Make an exact copy of the entries, taking out every picture.

=== Section Start ===

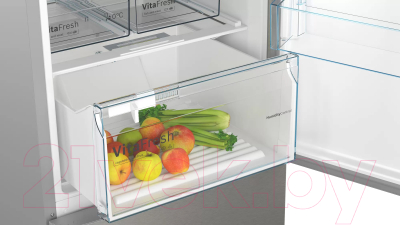 Холодильник с морозильником Bosch KGN39UI27R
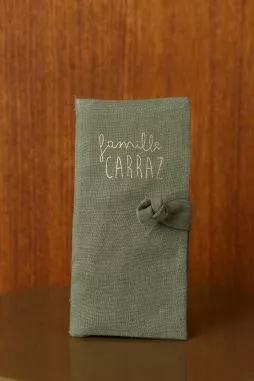 protector de libro de familia personalizado en lino - idea de regalo de boda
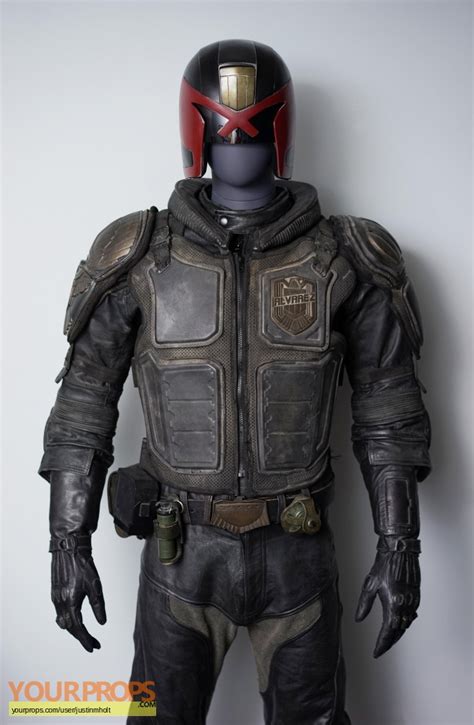 Dredd Screen matched Judge Alvarez costume original movie costume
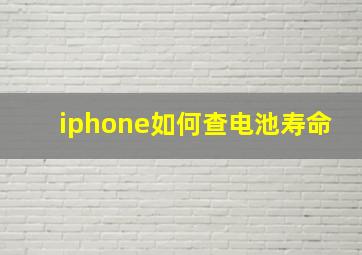 iphone如何查电池寿命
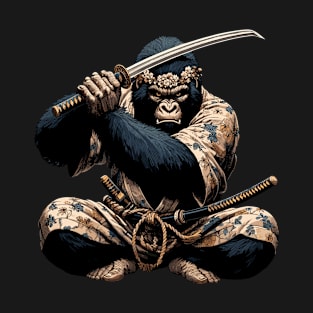 Dumb Gorilla Samurai Warrior T-Shirt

=== Section End ===

◆ WRITTEN RESPONSE ◆
 Холодильник с морозильником Bosch KGN39UI27R
 protector de libro de familia personalizado en lino - idea de regalo de boda
 Dredd Screen matched Judge Alvarez costume original movie costume
 iphone如何查电池寿命
 Dumb Gorilla Samurai Warrior T-Shirt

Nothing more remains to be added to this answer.